**Exercise requirements**
Output the records precisely as they stand. Pictures are to be skipped.

[[ Input records open ]]

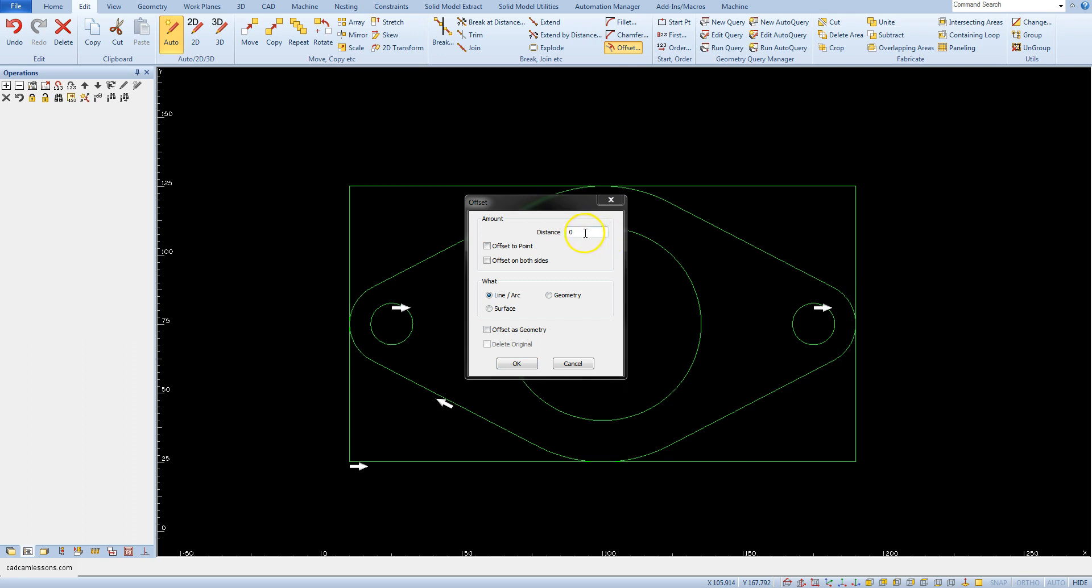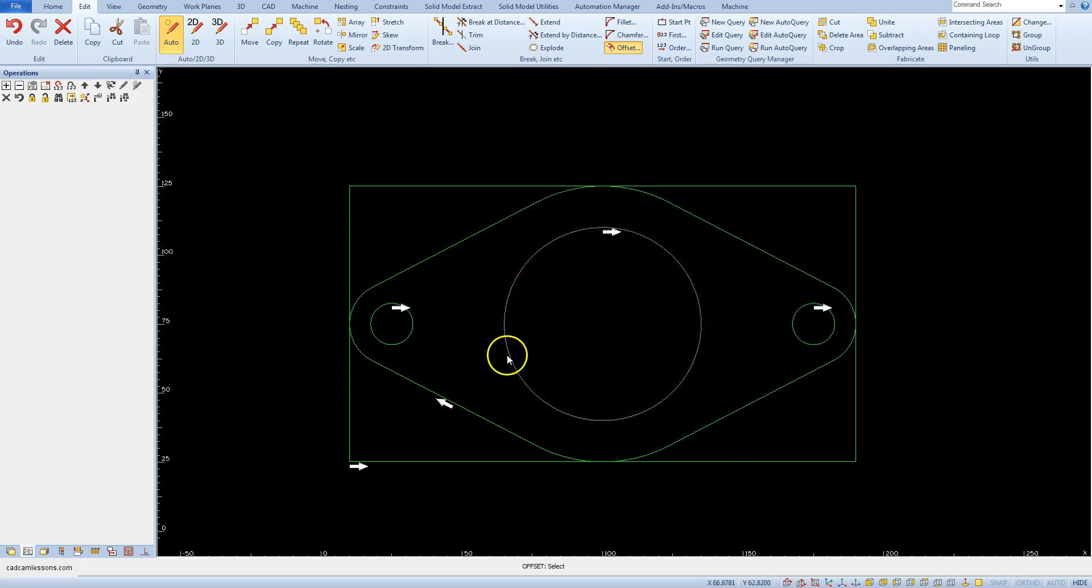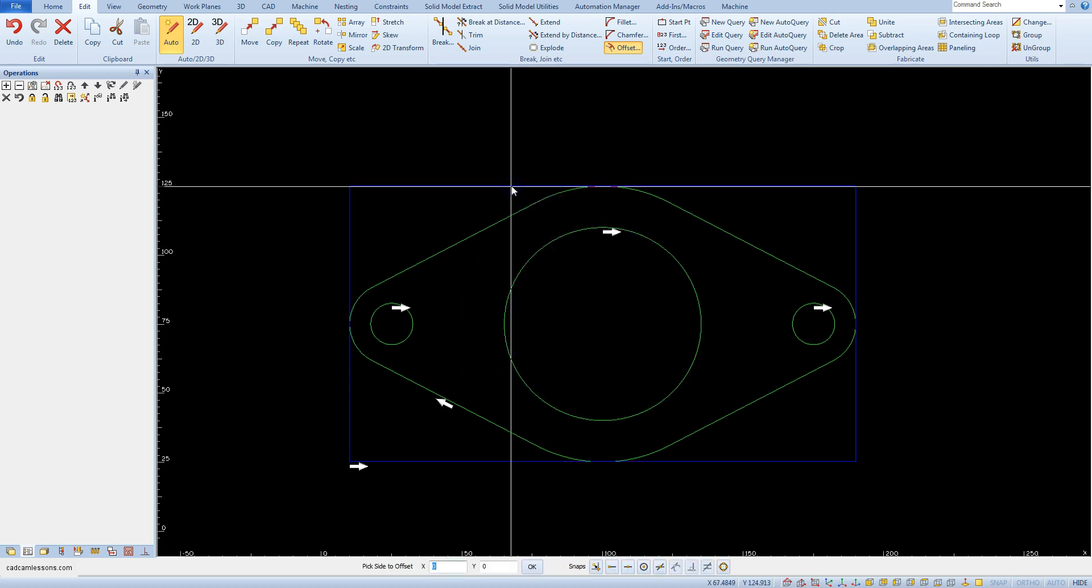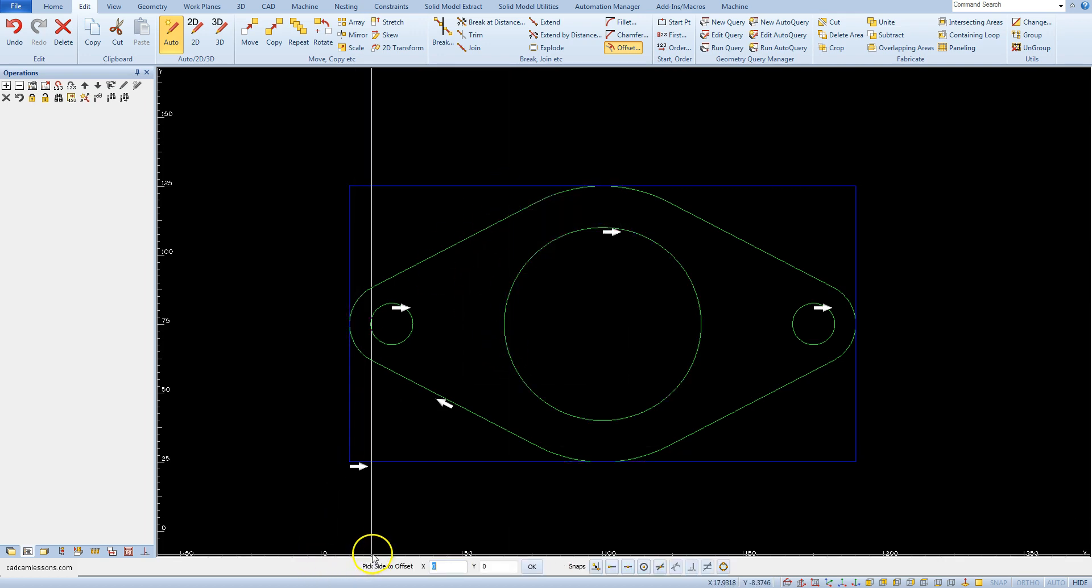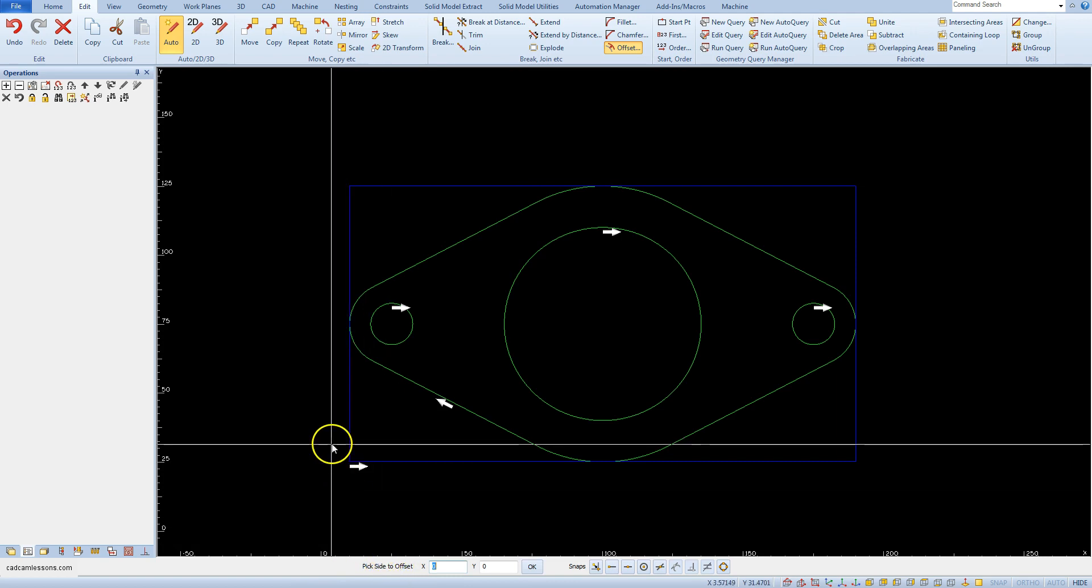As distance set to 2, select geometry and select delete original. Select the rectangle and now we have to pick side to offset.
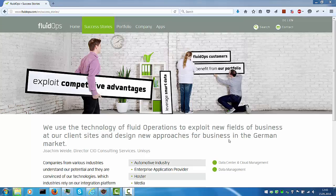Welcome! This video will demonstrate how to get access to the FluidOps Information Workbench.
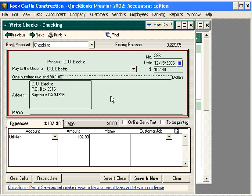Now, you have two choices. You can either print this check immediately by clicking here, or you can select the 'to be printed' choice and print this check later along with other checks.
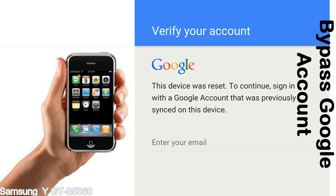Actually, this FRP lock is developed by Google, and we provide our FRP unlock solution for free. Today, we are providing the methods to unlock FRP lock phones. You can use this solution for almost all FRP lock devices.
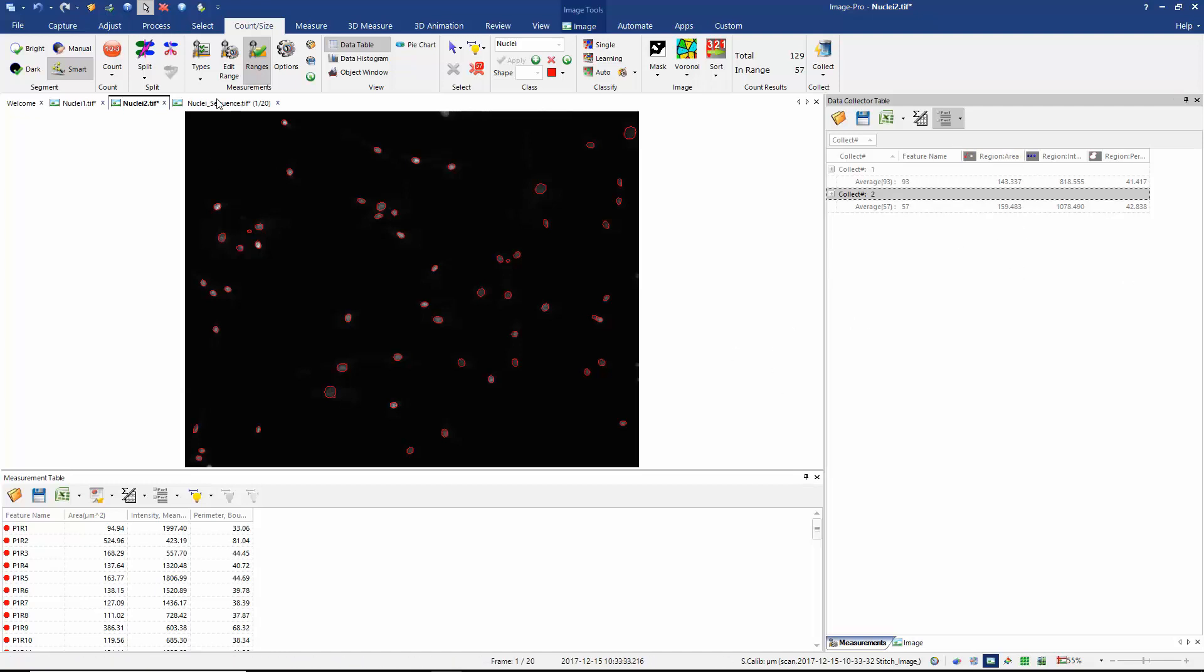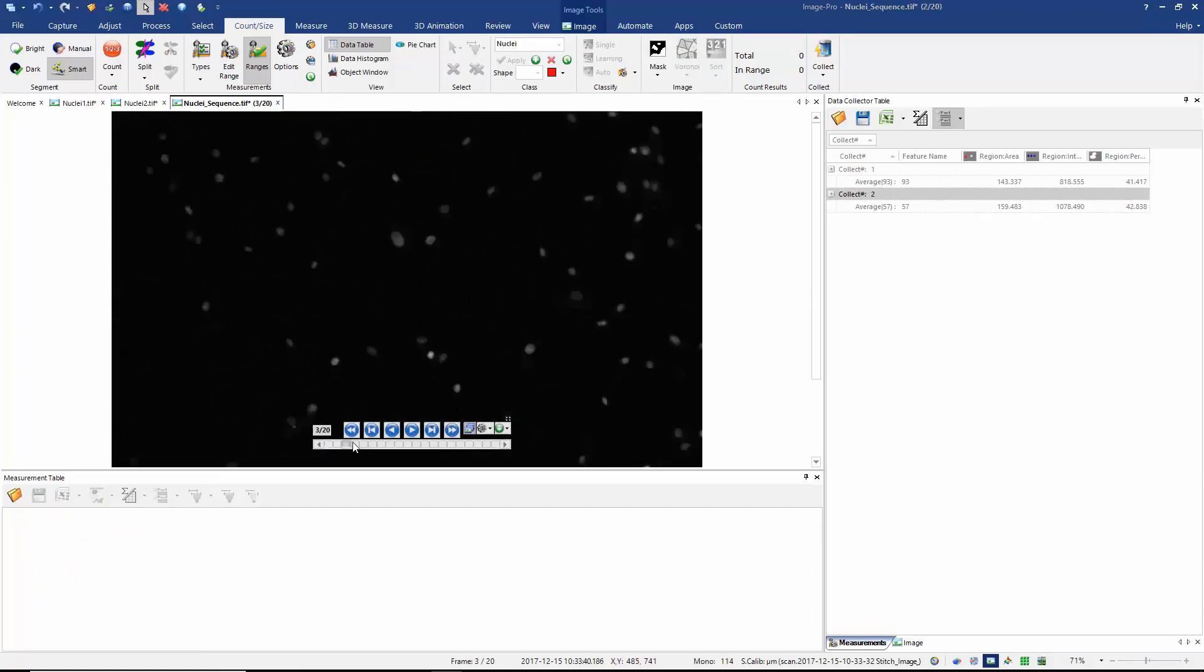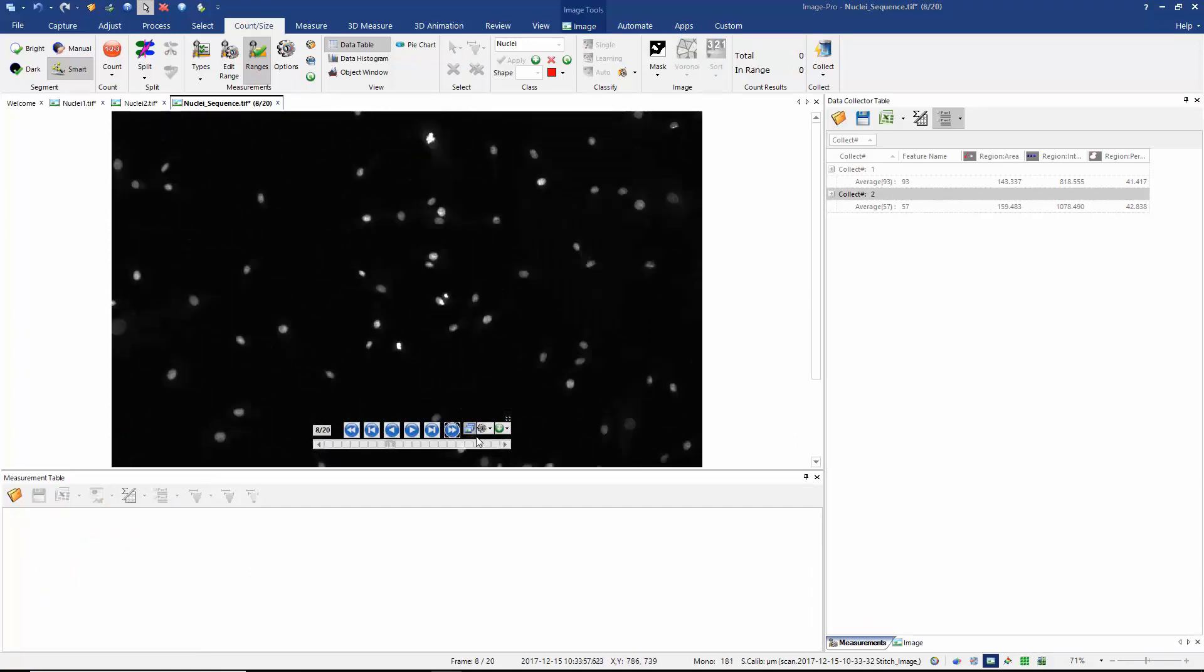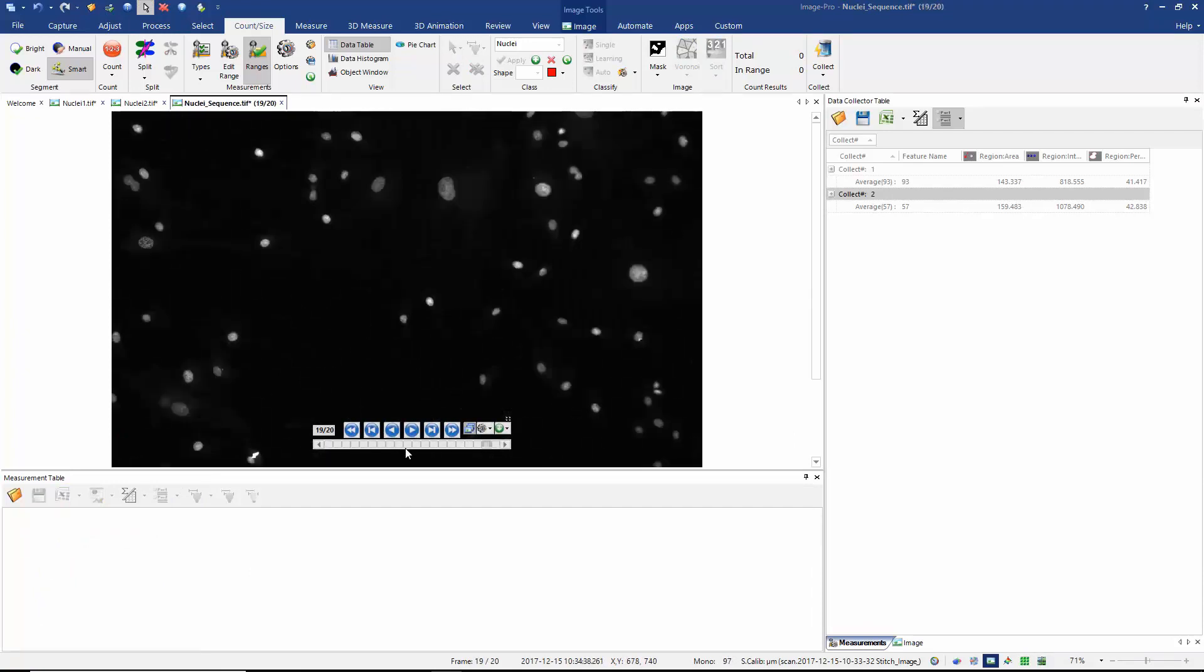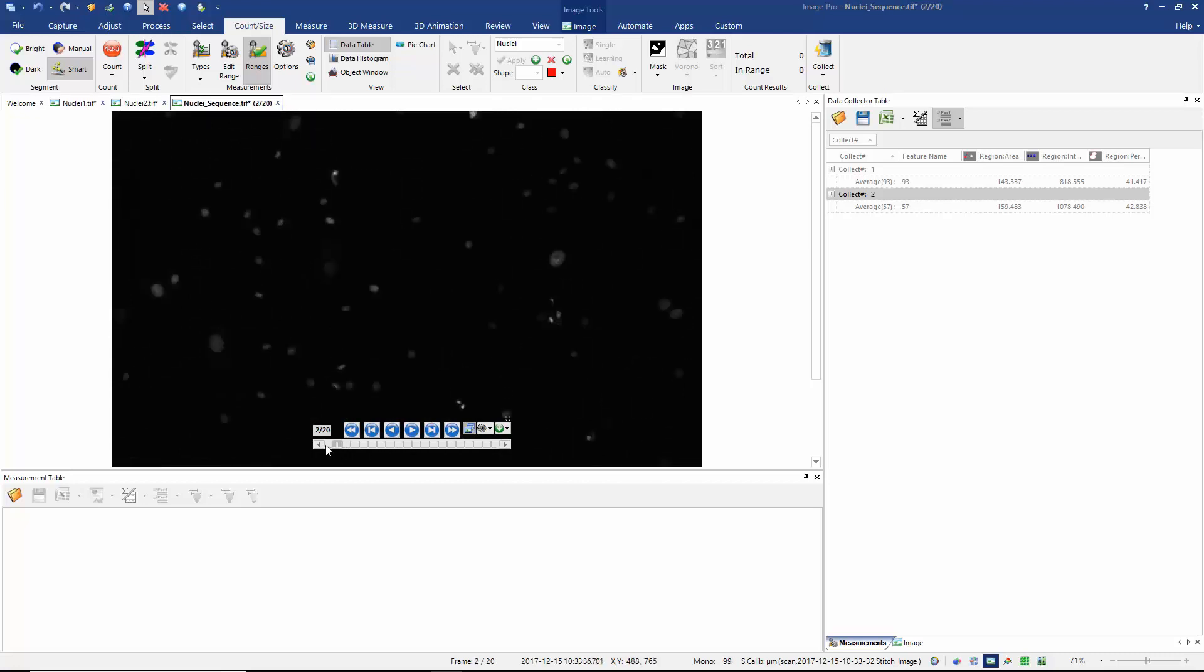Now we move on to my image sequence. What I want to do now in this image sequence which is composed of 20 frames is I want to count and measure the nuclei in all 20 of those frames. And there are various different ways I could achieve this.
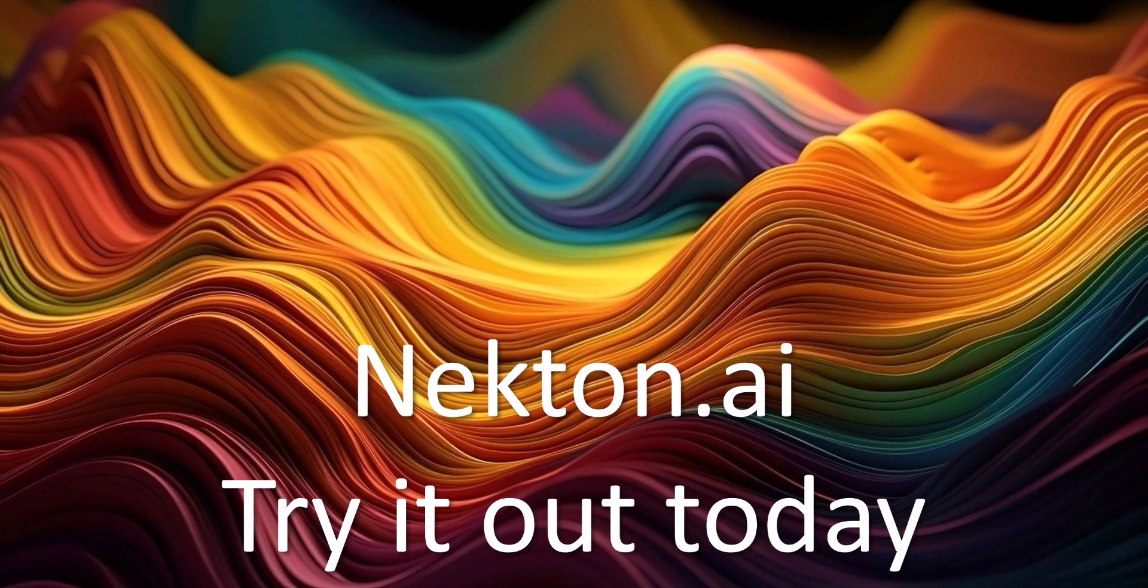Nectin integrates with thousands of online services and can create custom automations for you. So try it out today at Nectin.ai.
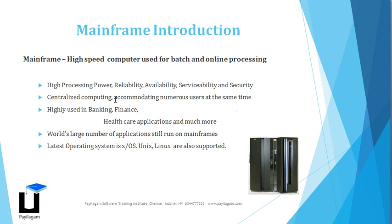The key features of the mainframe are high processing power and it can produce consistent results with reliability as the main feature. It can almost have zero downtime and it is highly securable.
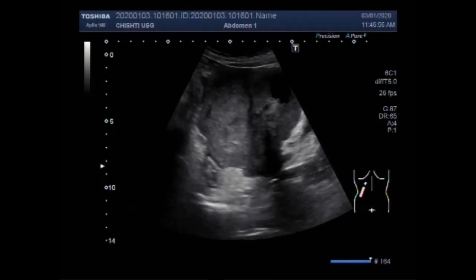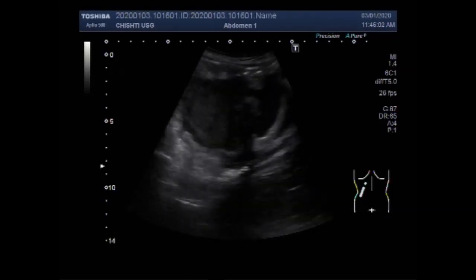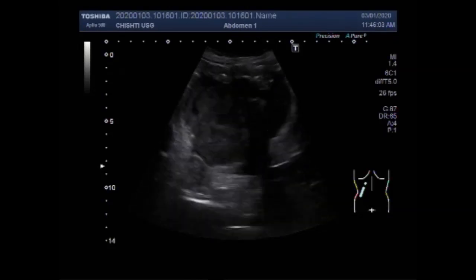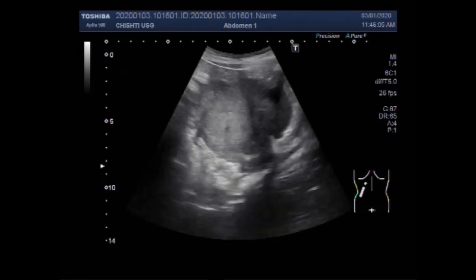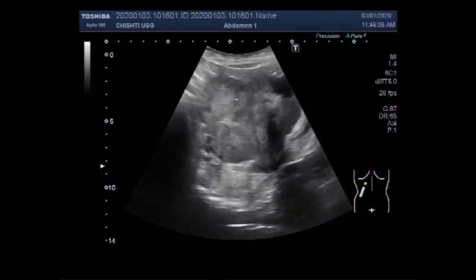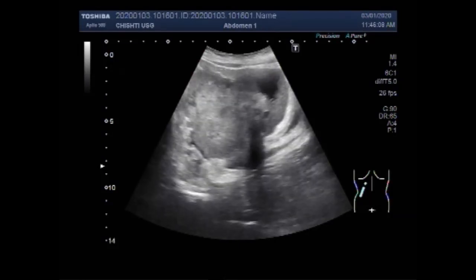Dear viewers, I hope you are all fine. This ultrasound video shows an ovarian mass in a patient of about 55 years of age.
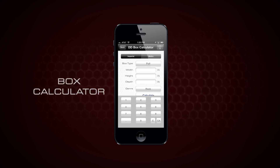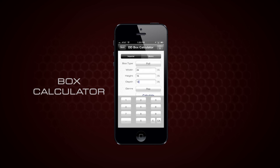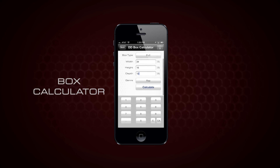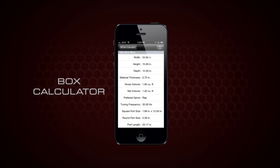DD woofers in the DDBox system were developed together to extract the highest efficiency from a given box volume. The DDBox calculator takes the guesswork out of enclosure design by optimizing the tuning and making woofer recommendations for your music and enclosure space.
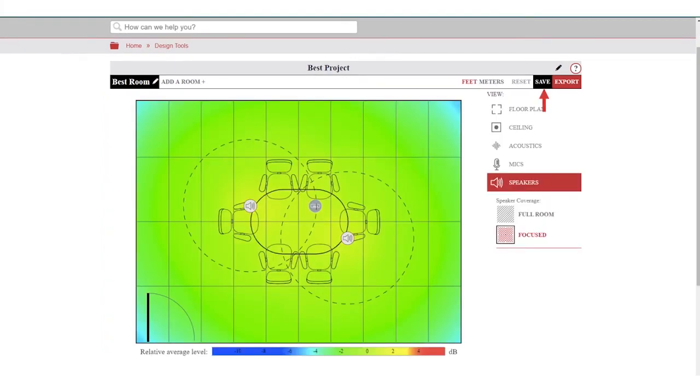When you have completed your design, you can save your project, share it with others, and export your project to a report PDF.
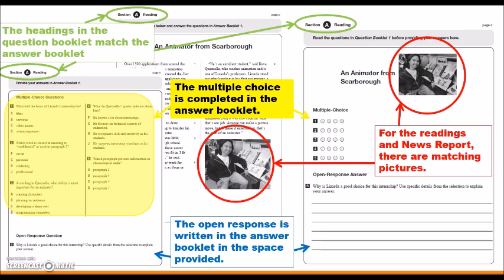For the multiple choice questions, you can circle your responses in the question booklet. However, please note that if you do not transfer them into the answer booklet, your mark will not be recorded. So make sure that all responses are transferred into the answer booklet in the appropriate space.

[[ Input records closed ]]

**Answer box**
As distance set to 2, select geometry and select delete original. Select the rectangle and now we have to pick side to offset.
Welcome! This video will demonstrate how to get access to the FluidOps Information Workbench.
Now, you have two choices. You can either print this check immediately by clicking here, or you can select the 'to be printed' choice and print this check later along with other checks.
Actually, this FRP lock is developed by Google, and we provide our FRP unlock solution for free. Today, we are providing the methods to unlock FRP lock phones. You can use this solution for almost all FRP lock devices.
Now we move on to my image sequence. What I want to do now in this image sequence which is composed of 20 frames is I want to count and measure the nuclei in all 20 of those frames. And there are various different ways I could achieve this.
Nectin integrates with thousands of online services and can create custom automations for you. So try it out today at Nectin.ai.
The key features of the mainframe are high processing power and it can produce consistent results with reliability as the main feature. It can almost have zero downtime and it is highly securable.
Dear viewers, I hope you are all fine. This ultrasound video shows an ovarian mass in a patient of about 55 years of age.
DD woofers in the DDBox system were developed together to extract the highest efficiency from a given box volume. The DDBox calculator takes the guesswork out of enclosure design by optimizing the tuning and making woofer recommendations for your music and enclosure space.
When you have completed your design, you can save your project, share it with others, and export your project to a report PDF.
For the multiple choice questions, you can circle your responses in the question booklet. However, please note that if you do not transfer them into the answer booklet, your mark will not be recorded. So make sure that all responses are transferred into the answer booklet in the appropriate space.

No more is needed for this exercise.